Sunday, October 27, 2013

What the Gift Means



Earlier this week, I took Haydn with me to Walmart for a grocery run. I offered to buy he and his brother those little individual serving cartons of Ben & Jerry's. They are only a dollar, so not a bad treat for good behavior. Unfortunately, Walmart didn't have any. I let Haydn pick out a half-gallon of ice cream instead and figured he and David could split it.

This was fine with Haydn. At first.

In the checkout line, Haydn asked if he could get candy and I said no. Then we had this conversation:

Haydn: Can I at least get a drink then?
Me: No. I bought you ice cream.
Haydn: (gives me a disgruntled expression)
Me: Wait, you don't want ice cream?
Haydn: I wanted my own ice cream. Now we have to share it.
Me: But there's enough for you to each have 3 times as much ice cream as what came in those little cartons.
Haydn: But we have to share it.
Me: Go put it back.

And yes, despite his tears and protests, I made him walk across the store and return the ice cream to the freezer.

As we drove home, I asked him this:

How would you feel if you had drawn me a picture, a present just for me, and when I looked at it, I said, "Well, that's okay, but I wish you'd drawn a dog instead of a cat?"

He begrudgingly admitted this would make him angry.

Having made my point there, I moved onto the next issue. I told him that it is rude to complain about a gift from anyone. That even if someone gives you a shirt that is five times too small, you thank them, because what is important is what the gift MEANS. The gift means the person thought of you. Buying him ice cream meant I thought he was doing a good job and wanted to reward him.

Then, I told him about an experience from my young life. I was a wee thing and spent the night with an aunt whom I adored. When she told me what she'd made me for breakfast, I said, "I don't like that." I can't remember what it was, but I clearly remember her stooping down to look me in the face and tell me I was never to say that again. It was fine for me to say "No, thank you," but when someone does something for you, you do not insult their offering. Ever.

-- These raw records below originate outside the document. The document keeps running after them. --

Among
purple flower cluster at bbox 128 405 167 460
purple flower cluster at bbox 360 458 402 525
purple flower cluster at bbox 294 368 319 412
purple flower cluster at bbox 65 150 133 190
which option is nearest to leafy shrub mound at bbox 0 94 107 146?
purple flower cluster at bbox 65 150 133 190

I told Haydn how embarrassed and scared I had felt then. I was a kid who did everything right, and I didn't like thinking I had messed up and hurt my aunt's feelings. Here I am, 31 years old, and when I think of that kiddie faux pas I still feel shame. But I am SO GLAD she corrected me. I never made that mistake again. And I could have.

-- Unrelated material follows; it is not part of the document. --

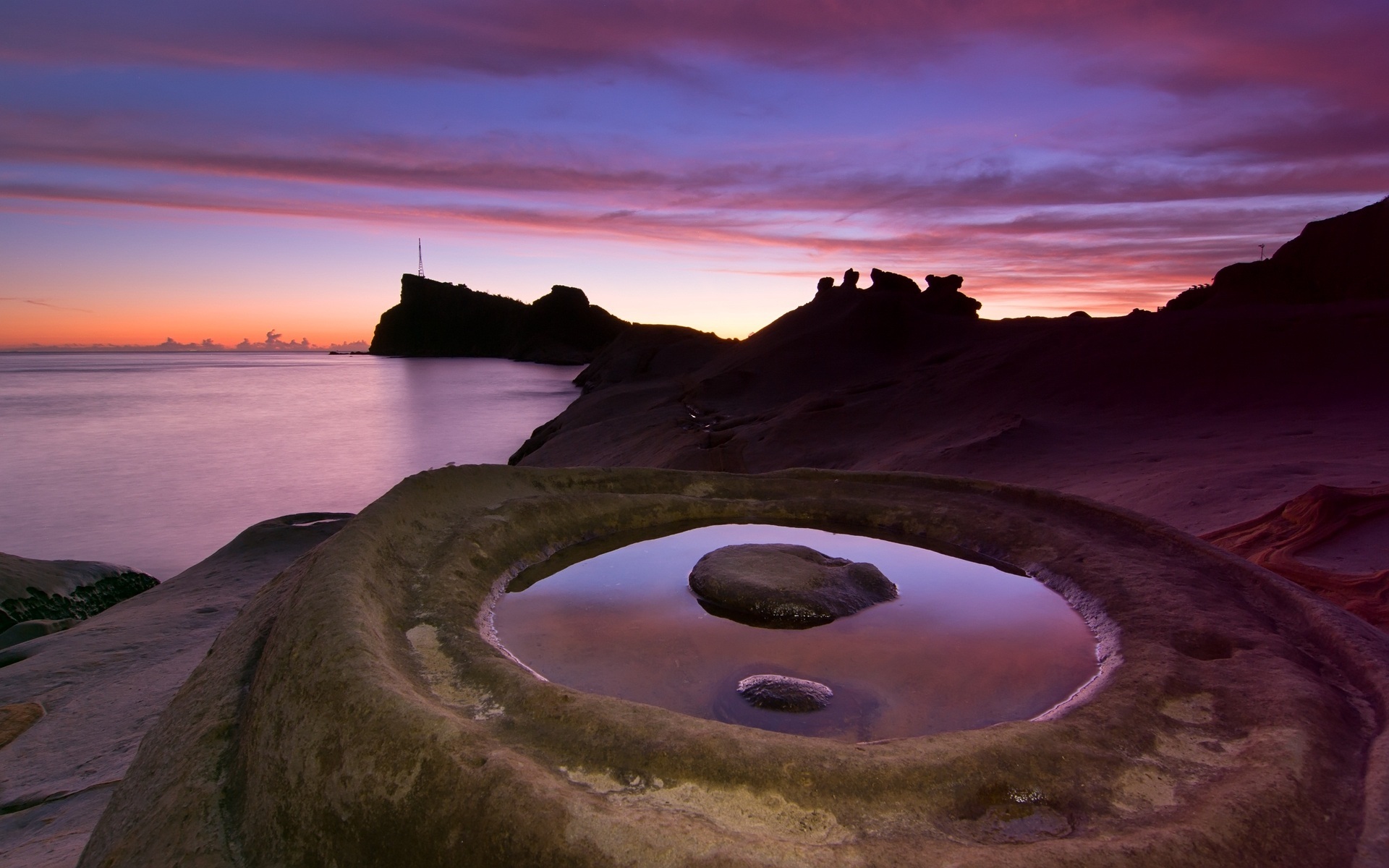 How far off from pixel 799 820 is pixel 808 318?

I told Haydn about being 16 and going to Mexico on mission work. While there, we were served all sorts of foods. The people serving us could mostly barely feed themselves. One boy refused to eat something given to him for lunch at a church, and our youth minister lit him up. He had insulted the generosity of the people who humbly prepared and served his meal. Then, on our last day, the family where my group worked served us chicken soup. The girl beside me realized the chicken we'd played with all week was no longer in the church yard. She was in the soup. My friend would not eat the soup. I was astounded. I mean, I told her on Day one that the chicken was NOT a pet but a future meal. Where did she think chicken soup came from anyway?

It never occurred to me to decline to at least try everything put in front of me on that trip. My aunt made sure of that. And I told Haydn, I will do the same for he and his brother. I will correct them now and save them from embarrassing correction later.

Better to have your mother say, "Stop picking your nose," than to be spotted picking by a bully at school who never lets you live it down.

Amen?

1 comment:

  1. Yes, those childhood errors stick to us all our lives. I know I've got a few rattling around inside me here and there.

    As for your friend who thought of a farm animal as a pet, I suppose that might be one of the more difficult things for a non-rural kid to come to terms with. On a farm you raise food not pets. But chickens should NEVER be perceived as a pet. Chickens are absolutely the nastiest animals I've ever been around. Laying eggs and making chicken and dumplings are all they are fit for.